Based on the novel by E.M. Forster, set in turn of the century London there are three families, each representing a different rank within social classes. The film mainly concerns the Schlegel family, consisting of sisters Margaret (Emma Thompson), Helen (Helena Bonham Carter) and brother Tibby (Adrian Ross Magenty). They’re middle class and quite liberal, dabbling in a bit of philanthropy and enjoying arts and literature. One summer, Helen was visiting the Wilcox’s estate and had an embarrassing fling with one of their sons. After quickly snuffing it out, hoping everyone could just forget about it, the Schlegel family go on damage control, trying to avoid the high class Wilcoxes.
But to no avail, when the Wilcox family rents a flat just across from the Schlegel home. Concerned that the close proximity could cause some tensions, Margaret visits Ruth Wilcox (Vanessa Redgrave) and befriends her as her health declines. Their conversations turn to the fact that the Schlegel house will soon be demolished to build yet another apartment building. Margaret is very calm about the subject, but Ruth is saddened for her. Ruth’s dying wish is to leave her family’s home, Howard’s End, to Margaret.
Unfortunately, with that wish only in pencil and not legally binding, Ruth’s husband Henry (Anthony Hopkins) and their children decide to ignore it. Yet, Margaret has worked her way into the Wilcox family and soon Henry asks her to marry him.

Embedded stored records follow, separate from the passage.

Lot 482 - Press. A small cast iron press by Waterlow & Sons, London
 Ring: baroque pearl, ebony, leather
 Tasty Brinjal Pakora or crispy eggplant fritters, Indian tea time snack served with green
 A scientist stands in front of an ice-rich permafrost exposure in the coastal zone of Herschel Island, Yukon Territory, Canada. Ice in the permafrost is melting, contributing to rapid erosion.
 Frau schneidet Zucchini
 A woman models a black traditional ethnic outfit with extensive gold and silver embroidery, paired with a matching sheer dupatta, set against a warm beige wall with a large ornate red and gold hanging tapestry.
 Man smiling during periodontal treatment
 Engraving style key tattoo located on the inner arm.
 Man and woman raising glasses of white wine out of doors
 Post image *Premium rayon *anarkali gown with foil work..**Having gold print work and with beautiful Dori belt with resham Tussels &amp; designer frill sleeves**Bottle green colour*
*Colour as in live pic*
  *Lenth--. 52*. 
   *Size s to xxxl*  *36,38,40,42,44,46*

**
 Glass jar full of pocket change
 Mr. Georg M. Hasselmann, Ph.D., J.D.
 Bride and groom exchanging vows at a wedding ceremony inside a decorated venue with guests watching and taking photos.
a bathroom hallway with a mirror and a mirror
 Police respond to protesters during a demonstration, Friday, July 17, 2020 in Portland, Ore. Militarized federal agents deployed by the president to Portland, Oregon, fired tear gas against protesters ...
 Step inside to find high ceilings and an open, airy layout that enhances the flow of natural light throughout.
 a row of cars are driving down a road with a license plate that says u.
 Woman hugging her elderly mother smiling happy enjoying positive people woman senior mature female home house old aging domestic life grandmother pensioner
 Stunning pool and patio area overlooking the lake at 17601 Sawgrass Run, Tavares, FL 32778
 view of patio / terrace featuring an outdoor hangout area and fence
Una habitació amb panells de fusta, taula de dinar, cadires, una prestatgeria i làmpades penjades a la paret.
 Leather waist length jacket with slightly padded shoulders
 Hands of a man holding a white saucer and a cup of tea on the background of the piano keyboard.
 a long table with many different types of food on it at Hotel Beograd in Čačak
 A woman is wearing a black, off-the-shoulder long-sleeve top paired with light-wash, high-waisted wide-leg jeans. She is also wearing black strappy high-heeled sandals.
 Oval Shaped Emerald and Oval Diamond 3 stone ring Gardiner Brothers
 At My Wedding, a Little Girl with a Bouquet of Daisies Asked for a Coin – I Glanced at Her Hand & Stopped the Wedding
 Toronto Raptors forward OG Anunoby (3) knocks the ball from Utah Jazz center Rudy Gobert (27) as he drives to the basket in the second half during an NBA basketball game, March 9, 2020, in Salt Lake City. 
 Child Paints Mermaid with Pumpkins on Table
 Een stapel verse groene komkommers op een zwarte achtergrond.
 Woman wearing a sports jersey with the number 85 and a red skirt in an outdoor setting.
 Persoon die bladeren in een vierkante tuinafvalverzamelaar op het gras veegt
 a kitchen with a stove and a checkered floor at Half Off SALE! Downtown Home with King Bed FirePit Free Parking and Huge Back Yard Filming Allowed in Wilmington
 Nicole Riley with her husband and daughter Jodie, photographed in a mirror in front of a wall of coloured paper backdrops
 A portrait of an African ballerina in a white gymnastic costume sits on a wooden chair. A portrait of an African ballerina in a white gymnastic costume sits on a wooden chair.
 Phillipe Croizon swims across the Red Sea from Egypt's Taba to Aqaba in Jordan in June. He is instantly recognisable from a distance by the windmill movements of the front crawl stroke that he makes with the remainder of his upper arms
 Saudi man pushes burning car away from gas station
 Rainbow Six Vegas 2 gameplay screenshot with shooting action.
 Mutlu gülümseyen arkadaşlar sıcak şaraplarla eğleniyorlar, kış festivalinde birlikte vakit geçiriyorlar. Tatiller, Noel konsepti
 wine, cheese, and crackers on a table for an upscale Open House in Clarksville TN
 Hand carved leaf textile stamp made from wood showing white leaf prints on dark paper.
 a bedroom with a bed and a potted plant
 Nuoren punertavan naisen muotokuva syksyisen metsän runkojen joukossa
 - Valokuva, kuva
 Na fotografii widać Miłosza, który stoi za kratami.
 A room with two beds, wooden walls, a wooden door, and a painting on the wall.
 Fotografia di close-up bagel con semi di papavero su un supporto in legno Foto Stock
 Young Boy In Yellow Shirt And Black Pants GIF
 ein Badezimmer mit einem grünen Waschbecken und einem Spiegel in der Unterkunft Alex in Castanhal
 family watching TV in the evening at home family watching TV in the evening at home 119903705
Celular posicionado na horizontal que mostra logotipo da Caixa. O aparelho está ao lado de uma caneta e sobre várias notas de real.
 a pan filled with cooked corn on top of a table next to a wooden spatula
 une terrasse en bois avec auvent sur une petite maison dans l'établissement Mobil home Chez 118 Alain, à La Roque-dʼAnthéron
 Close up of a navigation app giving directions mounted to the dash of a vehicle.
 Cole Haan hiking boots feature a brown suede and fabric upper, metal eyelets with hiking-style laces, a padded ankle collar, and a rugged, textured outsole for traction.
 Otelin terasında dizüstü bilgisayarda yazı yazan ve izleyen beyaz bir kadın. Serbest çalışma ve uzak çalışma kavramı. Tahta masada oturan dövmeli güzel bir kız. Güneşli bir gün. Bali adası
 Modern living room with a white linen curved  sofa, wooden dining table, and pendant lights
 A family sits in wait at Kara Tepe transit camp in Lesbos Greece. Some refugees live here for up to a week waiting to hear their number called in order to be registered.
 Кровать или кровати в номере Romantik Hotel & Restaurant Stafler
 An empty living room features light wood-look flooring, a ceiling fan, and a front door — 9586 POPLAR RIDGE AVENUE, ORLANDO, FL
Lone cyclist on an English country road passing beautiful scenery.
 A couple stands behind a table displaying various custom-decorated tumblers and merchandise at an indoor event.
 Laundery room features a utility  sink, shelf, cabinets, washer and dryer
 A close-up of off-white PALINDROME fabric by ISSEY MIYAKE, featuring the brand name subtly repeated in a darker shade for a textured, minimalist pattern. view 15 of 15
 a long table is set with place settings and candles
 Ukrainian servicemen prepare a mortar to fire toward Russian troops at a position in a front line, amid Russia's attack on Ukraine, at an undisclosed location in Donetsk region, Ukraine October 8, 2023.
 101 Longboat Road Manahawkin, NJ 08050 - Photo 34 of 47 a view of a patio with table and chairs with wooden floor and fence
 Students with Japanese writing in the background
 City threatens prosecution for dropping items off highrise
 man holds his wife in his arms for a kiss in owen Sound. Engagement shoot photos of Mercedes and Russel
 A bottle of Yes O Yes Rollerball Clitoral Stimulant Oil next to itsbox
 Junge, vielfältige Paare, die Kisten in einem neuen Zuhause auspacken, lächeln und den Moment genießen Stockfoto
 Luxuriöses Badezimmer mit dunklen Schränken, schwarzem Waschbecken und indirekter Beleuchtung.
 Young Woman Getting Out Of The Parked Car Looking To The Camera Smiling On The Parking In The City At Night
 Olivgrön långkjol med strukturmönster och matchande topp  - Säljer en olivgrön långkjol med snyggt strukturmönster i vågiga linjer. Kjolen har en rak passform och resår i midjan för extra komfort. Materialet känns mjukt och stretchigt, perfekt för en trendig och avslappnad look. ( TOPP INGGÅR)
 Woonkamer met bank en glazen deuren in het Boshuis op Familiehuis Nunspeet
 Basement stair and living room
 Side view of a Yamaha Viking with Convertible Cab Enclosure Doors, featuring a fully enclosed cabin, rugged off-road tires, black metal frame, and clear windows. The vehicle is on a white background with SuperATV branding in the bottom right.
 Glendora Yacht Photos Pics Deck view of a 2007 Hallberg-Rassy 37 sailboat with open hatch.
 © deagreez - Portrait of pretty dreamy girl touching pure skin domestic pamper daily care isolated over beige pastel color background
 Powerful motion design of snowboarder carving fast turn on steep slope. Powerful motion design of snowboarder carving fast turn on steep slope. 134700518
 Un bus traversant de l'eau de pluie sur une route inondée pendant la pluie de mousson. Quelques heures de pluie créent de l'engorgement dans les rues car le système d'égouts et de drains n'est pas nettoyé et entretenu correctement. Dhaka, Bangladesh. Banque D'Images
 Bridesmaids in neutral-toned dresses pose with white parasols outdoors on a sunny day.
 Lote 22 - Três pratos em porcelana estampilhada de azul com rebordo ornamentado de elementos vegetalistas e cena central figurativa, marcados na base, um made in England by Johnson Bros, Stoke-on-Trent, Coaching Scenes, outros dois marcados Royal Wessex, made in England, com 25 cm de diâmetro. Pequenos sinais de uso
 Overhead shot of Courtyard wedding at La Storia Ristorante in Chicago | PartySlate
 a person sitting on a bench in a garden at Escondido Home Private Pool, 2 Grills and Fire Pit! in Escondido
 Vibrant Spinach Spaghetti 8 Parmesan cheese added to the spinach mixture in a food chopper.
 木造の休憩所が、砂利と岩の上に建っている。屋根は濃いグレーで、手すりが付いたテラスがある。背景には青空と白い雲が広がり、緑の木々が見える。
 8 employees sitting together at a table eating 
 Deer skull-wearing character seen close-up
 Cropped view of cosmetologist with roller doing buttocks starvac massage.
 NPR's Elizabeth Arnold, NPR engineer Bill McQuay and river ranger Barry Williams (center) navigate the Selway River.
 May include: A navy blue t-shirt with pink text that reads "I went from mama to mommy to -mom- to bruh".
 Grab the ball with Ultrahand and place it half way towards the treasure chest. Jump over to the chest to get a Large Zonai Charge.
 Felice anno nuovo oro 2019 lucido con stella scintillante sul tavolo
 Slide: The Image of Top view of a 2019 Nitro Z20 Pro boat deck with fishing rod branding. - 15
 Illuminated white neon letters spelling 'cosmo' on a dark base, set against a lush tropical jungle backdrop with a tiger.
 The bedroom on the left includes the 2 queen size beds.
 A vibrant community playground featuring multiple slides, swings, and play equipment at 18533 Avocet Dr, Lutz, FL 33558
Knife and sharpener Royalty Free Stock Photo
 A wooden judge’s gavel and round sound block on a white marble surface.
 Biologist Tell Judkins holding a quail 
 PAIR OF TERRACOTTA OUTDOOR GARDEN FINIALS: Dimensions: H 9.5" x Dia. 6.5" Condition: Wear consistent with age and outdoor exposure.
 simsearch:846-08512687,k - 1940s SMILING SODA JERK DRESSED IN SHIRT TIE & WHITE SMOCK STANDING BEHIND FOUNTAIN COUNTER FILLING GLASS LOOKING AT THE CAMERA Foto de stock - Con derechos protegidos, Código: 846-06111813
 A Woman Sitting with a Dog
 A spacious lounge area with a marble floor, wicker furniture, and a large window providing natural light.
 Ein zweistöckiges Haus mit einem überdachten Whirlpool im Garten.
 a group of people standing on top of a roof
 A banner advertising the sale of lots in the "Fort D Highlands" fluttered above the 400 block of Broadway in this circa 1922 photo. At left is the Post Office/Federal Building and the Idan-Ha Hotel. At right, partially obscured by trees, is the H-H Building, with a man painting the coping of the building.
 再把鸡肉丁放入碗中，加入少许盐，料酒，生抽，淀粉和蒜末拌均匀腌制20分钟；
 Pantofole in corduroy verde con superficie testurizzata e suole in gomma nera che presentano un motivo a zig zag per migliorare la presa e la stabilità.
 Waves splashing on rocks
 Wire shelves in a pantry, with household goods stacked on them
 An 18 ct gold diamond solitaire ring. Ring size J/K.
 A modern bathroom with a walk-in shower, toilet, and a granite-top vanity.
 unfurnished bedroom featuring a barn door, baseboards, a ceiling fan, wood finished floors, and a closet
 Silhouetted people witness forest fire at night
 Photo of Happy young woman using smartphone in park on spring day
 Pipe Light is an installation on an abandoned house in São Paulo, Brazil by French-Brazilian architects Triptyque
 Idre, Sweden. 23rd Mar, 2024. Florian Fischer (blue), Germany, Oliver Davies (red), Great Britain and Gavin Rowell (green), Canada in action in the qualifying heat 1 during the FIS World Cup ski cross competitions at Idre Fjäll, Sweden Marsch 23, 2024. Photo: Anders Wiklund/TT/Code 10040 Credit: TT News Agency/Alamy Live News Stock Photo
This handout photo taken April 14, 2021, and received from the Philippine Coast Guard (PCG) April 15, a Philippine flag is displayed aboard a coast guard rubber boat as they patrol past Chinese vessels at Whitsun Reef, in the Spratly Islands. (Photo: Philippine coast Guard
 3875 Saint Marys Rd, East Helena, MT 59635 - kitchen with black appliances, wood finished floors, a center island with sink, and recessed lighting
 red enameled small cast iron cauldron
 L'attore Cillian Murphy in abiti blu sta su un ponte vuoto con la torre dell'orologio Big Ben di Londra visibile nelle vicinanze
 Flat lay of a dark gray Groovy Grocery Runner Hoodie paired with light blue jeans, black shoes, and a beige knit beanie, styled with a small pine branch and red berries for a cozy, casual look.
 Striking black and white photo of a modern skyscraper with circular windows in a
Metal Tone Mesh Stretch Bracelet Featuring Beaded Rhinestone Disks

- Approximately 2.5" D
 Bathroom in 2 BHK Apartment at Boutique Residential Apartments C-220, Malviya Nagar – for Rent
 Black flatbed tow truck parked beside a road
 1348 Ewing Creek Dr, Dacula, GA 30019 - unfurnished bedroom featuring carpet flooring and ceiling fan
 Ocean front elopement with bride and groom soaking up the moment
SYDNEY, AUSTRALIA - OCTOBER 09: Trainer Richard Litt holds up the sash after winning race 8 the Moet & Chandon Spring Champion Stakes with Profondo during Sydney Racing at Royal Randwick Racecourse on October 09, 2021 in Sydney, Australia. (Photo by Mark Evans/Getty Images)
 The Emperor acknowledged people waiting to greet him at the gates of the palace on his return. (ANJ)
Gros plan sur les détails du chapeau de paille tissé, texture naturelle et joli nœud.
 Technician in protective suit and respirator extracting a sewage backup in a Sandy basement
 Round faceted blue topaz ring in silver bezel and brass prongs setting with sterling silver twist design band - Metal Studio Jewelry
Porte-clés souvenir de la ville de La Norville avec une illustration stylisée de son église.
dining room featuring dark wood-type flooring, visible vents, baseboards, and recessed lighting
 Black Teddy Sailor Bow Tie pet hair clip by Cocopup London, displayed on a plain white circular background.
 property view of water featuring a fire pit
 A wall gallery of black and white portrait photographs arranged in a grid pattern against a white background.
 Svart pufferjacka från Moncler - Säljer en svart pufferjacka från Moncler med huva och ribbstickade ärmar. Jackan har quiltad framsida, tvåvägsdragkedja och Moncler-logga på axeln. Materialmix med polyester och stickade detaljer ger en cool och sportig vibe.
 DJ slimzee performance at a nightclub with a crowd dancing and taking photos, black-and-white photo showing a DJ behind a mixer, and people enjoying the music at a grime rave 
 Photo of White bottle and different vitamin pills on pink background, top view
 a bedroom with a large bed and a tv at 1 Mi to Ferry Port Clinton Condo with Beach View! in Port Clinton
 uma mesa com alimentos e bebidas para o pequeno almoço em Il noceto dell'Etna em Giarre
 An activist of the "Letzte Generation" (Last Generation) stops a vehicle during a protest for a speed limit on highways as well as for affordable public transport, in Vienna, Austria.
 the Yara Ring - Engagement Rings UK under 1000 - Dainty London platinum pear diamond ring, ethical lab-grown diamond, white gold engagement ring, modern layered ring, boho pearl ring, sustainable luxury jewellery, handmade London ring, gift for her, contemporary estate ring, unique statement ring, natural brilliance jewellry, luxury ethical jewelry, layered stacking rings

While Margaret is getting closer to the high class Wilcoxes, Helen has taken an interest in a poor working class man and his fiancé. She first meets Leonard Bast (Samuel West) at a lecture on Beethoven and is immediately excited to find someone else who enjoys the arts. Helen tries to encourage Leonard’s romantic ideas and hobbies, like astronomy, but in the end some bad advice causes him to lose everything and Helen feels responsible.
Thompson’s performance as Margaret is astounding. As the central character in the story, she’s pulled in all directions, from high class with Henry and Ruth, down to the low with Helen and poor Leonard. But with such poise and charisma, she’s always the level headed one, even when things are crumbling around her. It’s this strong, versatile role that Thompson executes with ease that earned her the Oscar for Best Actress.
I have not read the novel, but I’ve heard that the film does it justice, so if you are interested in a film adaptation, I would recommend Howard’s End. If you enjoy Emma Thompson, Helena Bonham Carter or Anthony Hopkins, their performances are a treat and would also recommend this film for you. But if social class dramas in turn of the century England sounds boring to you, you’ll probably be a little bored.
“The poor are the poor, and one’s sorry for them – but there it is.”